The operating principle of friction stir welding is shown in the illustration. A rotating tool with a central probe is pressed into the joint and traversed along the weld line. Frictional heat, generated mostly under the tool's shoulder, softens the material. The shoulder also acts to contain the softened material which is forced to the back of the tool, in the process becoming consolidated to form a solid phase weld. Providing the components are adequately restrained, a high quality solid phase weld is formed following considerable hot working of the material at the joint.

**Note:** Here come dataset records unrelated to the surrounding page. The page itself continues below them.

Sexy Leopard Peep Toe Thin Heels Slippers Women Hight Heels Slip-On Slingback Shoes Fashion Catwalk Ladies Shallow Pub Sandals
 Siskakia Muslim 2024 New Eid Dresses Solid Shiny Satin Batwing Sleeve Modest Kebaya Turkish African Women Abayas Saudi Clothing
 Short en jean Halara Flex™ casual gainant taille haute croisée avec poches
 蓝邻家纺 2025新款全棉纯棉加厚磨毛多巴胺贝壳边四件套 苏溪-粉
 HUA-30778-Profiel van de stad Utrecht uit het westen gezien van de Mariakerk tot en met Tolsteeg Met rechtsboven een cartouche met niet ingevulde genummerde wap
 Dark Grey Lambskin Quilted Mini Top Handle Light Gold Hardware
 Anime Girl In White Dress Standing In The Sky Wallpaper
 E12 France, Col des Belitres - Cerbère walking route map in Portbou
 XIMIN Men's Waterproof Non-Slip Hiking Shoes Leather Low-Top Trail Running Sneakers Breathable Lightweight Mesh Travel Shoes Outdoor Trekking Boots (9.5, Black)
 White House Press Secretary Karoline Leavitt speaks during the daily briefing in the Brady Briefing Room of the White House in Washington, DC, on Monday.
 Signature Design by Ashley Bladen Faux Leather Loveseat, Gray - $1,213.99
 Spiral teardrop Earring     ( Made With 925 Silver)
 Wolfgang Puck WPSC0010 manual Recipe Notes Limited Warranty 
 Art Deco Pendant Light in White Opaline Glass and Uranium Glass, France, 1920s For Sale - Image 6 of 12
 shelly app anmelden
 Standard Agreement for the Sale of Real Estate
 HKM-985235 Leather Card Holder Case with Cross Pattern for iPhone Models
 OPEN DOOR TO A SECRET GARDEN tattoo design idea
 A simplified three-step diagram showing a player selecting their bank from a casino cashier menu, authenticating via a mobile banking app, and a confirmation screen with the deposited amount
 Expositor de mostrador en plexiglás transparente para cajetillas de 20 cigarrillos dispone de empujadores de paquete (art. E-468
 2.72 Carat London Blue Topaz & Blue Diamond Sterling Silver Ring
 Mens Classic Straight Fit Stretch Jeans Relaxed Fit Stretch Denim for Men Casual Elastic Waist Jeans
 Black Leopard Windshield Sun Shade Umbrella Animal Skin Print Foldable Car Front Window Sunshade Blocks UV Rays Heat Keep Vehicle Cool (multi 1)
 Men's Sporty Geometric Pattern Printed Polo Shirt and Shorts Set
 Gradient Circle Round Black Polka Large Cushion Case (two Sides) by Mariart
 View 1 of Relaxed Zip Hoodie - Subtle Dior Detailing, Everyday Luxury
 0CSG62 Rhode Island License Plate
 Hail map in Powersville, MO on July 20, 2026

The process has demonstrated a number of advantages over competing and established conventional arc welding processes. Some of the more widely proclaimed advantages for aluminium alloys are as follows:
- Solid phase process, therefore no problems with hot cracking, porosity, etc
- Low distortion
- No filler wire or shielding gas requirement for aluminium alloys
- No fume, no spatter, no UV radiation, therefore environmentally friendly
- Uses machine tool technology, therefore easy to automate, and reduces need for skilled welders
- Can work in any position
- Good mechanical properties, which for aluminium alloys typically equals or exceeds those obtainable by competing processes
- Energy efficient
- Can weld 'unweldable' aluminium alloys
There are a number of limitations and the most commonly cited are:
- Exit hole left after withdrawing tool
- Significant down force and traversing forces required, therefore clamping is more substantial than for arc welds
- Lacks the flexibility of manual and arc processes, for example, FSW cannot be used where metal deposition is required.
Friction Stir welding is without doubt one of the most significant developments in welding technology to have emerged.
The time span from its invention and first patent in December 1991 to industrial production in the mid 1990s is almost certainly the shortest for any totally new welding process.